The appeals court further explained the need to certify the first question to this court:
Section 22:1973(A)'s imposition of an affirmative duty to make a reasonable effort to settle claims suggests that insurers must do more than simply rest on their laurels and wait for claimants to submit firm settlement offers. Particularly given Louisiana's civilian methodology, which treats jurisprudence as secondary to statutes, this statutory enactment casts serious doubt on our prior jurisprudence on this issue.
Again, the Supreme Court of Louisiana and the Louisiana intermediate appellate courts have never held that a firm settlement offer is required for a bad-faith failure-to-settle claim. But Kelly has not directed us to any Louisiana cases that find an insurer liable for bad-faith failure-to-settle in the absence of a firm settlement offer. The resolution of this issue is thus unclear under both Louisiana law and our own precedent. Moreover, this issue is determinative. Kelly's petition for rehearing does not claim that he made a binding settlement offer, and therefore Kelly will lose if he must show that he made such an offer.
Id. (citation and footnote omitted).
Turning next to La. R.S. 22:1973(B), the appeals court observed “[s]ome Louisiana intermediate court decisions have held that an insurer can only be found liable under Section 22:1973(B)(1) if the insurer misrepresents the coverage provided by the insurance policy.” See Talton v. USAA Cas. Ins. Co., 06–1513 (La.App. 4 Cir. 3/19/08), 981 So.2d 696, 709–10 ; Strong v. Farm Bureau Ins. Co., 32,414 (La.App. 2 Cir. 10/29/99), 743 So.2d 949, 953. Cf. Arvie v. Safeway Ins. Co. of Louisiana, 06–1266 (La.App. 3 Cir. 2/07/07), 951 So.2d 1284, 1285 ; McGee v. Omni Ins. Co., 02–1012 (La.App. 3 Cir. 3/15/03), 840 So.2d 1248, 1253–56 (in which the courts did not find that, under La. R.S. 22:1973(B), an actionable misrepresentation by an insurer must be limited to a misrepresentation regarding coverage).

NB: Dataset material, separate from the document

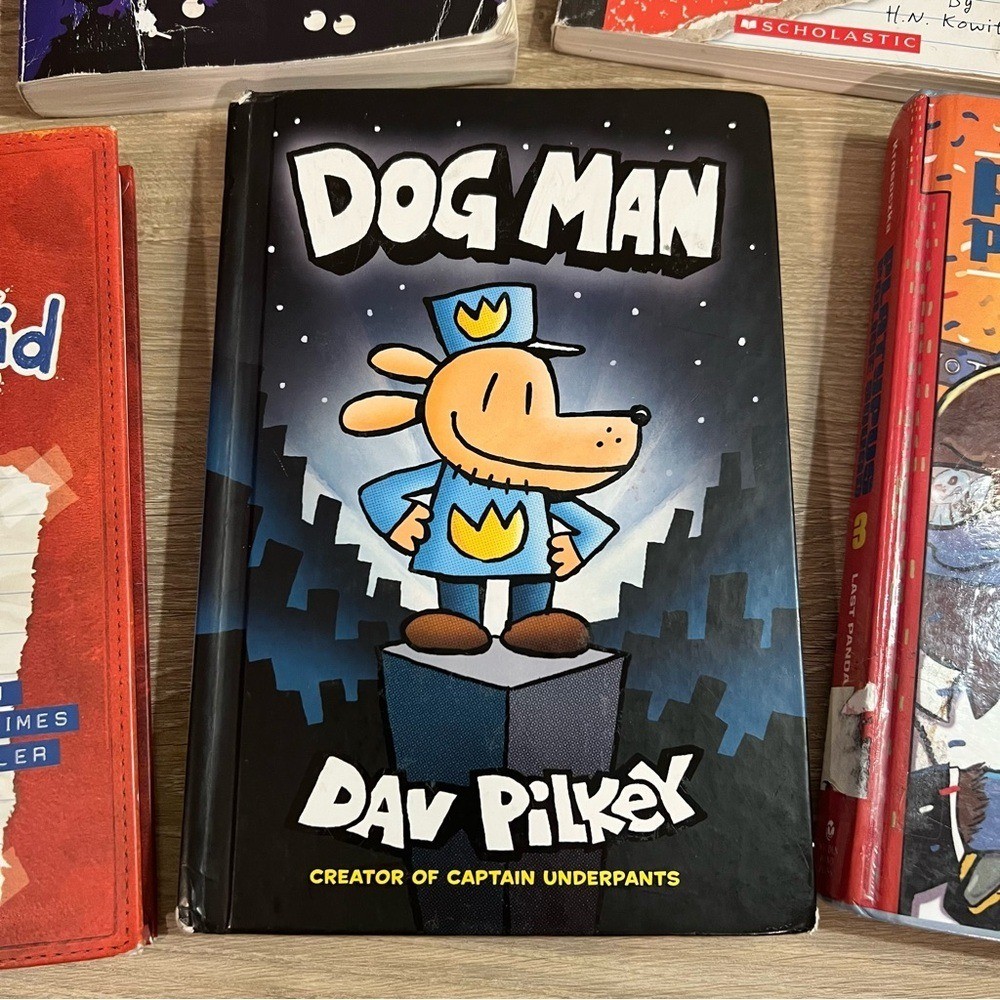 Boys Graphic Novel Book Lot Dog Man Wimpy Kid 5 Book Set Grades 3-6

Aside from finding the jurisprudence of the intermediate state courts conflicting on the issue of whether an actionable misrepresentation must relate to coverage, the appeals court found its own jurisprudence only clouded any resolution of the issue. The appeals court observed it had “never made a direct holding on this issue,” but in Versai Mgmt. Corp. v. Clarendon Am. Ins. Co., 597 F.3d 729, 739–40 (5th Cir.2010), the appeals court “suggested in dicta that Section 22:1973(B)(1) only applies to misrepresentations about coverage-related facts.” However, just before that dicta, the appeals court “cited McGee, [which] held that the insurer breached its duty under Section 22:1973(B)(1) by failing to communicate the status of a claim, [McGee, ] 840 So.2d at 1256, which was clearly not a coverage-related misrepresentation.” The appeals court summed up its rationale for certifying the second question:
Id., 582 Fed.Appx. at 295.
Id., 582 Fed.Appx. at 296.
Thus, if we apply McGee, Kelly should almost certainly win. As in McGee, Kelly's primary complaint under Section 22:1973(B)(1) is that State Farm failed to communicate the status of Kelly's claim and settlement negotiations to Thomas. Versai therefore cuts in two opposing directions in this case; Versai 's reliance on McGee indicates that Kelly should win, but Versai 's dicta suggests that Kelly should lose.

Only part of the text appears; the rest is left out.